YOUR GOAL:
In full and without alteration, copy the listing.

::::

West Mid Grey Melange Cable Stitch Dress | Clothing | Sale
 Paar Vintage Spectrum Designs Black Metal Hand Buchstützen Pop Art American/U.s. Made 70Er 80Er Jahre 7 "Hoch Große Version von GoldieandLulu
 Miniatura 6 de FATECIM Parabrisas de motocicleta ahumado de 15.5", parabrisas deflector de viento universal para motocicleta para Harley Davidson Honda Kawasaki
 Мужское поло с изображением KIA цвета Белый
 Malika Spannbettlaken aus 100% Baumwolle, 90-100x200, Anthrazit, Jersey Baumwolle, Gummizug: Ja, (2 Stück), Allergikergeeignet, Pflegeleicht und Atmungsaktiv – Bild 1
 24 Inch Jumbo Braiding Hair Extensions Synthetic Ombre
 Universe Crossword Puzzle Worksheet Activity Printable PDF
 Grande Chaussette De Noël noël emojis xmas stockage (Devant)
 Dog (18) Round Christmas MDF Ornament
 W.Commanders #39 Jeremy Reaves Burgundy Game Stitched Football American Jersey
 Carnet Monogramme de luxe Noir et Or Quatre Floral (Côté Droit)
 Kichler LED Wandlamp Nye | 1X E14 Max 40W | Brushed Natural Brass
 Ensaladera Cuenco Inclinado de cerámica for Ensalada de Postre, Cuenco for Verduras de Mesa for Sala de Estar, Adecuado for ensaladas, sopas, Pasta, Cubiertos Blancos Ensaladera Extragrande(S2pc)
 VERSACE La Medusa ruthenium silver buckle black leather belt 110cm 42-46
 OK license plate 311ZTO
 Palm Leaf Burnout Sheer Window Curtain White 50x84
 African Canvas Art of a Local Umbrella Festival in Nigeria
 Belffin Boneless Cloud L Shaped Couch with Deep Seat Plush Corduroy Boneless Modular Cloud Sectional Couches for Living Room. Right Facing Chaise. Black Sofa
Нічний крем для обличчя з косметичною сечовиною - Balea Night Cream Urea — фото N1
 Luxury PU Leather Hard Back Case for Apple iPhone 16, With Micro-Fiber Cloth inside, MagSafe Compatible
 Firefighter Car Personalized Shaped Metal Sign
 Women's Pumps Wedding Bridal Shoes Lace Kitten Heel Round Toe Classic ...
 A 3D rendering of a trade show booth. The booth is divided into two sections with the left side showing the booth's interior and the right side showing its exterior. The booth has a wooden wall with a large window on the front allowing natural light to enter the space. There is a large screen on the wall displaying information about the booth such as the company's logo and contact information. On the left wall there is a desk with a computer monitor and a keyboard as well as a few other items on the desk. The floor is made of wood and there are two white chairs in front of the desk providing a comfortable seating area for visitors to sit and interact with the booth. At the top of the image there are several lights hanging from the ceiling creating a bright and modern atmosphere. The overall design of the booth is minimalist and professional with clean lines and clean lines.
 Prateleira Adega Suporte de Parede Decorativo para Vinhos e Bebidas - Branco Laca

::::

SOLUTION TO THIS TASK:
West Mid Grey Melange Cable Stitch Dress | Clothing | Sale
 Paar Vintage Spectrum Designs Black Metal Hand Buchstützen Pop Art American/U.s. Made 70Er 80Er Jahre 7 "Hoch Große Version von GoldieandLulu
 Miniatura 6 de FATECIM Parabrisas de motocicleta ahumado de 15.5", parabrisas deflector de viento universal para motocicleta para Harley Davidson Honda Kawasaki
 Мужское поло с изображением KIA цвета Белый
 Malika Spannbettlaken aus 100% Baumwolle, 90-100x200, Anthrazit, Jersey Baumwolle, Gummizug: Ja, (2 Stück), Allergikergeeignet, Pflegeleicht und Atmungsaktiv – Bild 1
 24 Inch Jumbo Braiding Hair Extensions Synthetic Ombre
 Universe Crossword Puzzle Worksheet Activity Printable PDF
 Grande Chaussette De Noël noël emojis xmas stockage (Devant)
 Dog (18) Round Christmas MDF Ornament
 W.Commanders #39 Jeremy Reaves Burgundy Game Stitched Football American Jersey
 Carnet Monogramme de luxe Noir et Or Quatre Floral (Côté Droit)
 Kichler LED Wandlamp Nye | 1X E14 Max 40W | Brushed Natural Brass
 Ensaladera Cuenco Inclinado de cerámica for Ensalada de Postre, Cuenco for Verduras de Mesa for Sala de Estar, Adecuado for ensaladas, sopas, Pasta, Cubiertos Blancos Ensaladera Extragrande(S2pc)
 VERSACE La Medusa ruthenium silver buckle black leather belt 110cm 42-46
 OK license plate 311ZTO
 Palm Leaf Burnout Sheer Window Curtain White 50x84
 African Canvas Art of a Local Umbrella Festival in Nigeria
 Belffin Boneless Cloud L Shaped Couch with Deep Seat Plush Corduroy Boneless Modular Cloud Sectional Couches for Living Room. Right Facing Chaise. Black Sofa
Нічний крем для обличчя з косметичною сечовиною - Balea Night Cream Urea — фото N1
 Luxury PU Leather Hard Back Case for Apple iPhone 16, With Micro-Fiber Cloth inside, MagSafe Compatible
 Firefighter Car Personalized Shaped Metal Sign
 Women's Pumps Wedding Bridal Shoes Lace Kitten Heel Round Toe Classic ...
 A 3D rendering of a trade show booth. The booth is divided into two sections with the left side showing the booth's interior and the right side showing its exterior. The booth has a wooden wall with a large window on the front allowing natural light to enter the space. There is a large screen on the wall displaying information about the booth such as the company's logo and contact information. On the left wall there is a desk with a computer monitor and a keyboard as well as a few other items on the desk. The floor is made of wood and there are two white chairs in front of the desk providing a comfortable seating area for visitors to sit and interact with the booth. At the top of the image there are several lights hanging from the ceiling creating a bright and modern atmosphere. The overall design of the booth is minimalist and professional with clean lines and clean lines.
 Prateleira Adega Suporte de Parede Decorativo para Vinhos e Bebidas - Branco Laca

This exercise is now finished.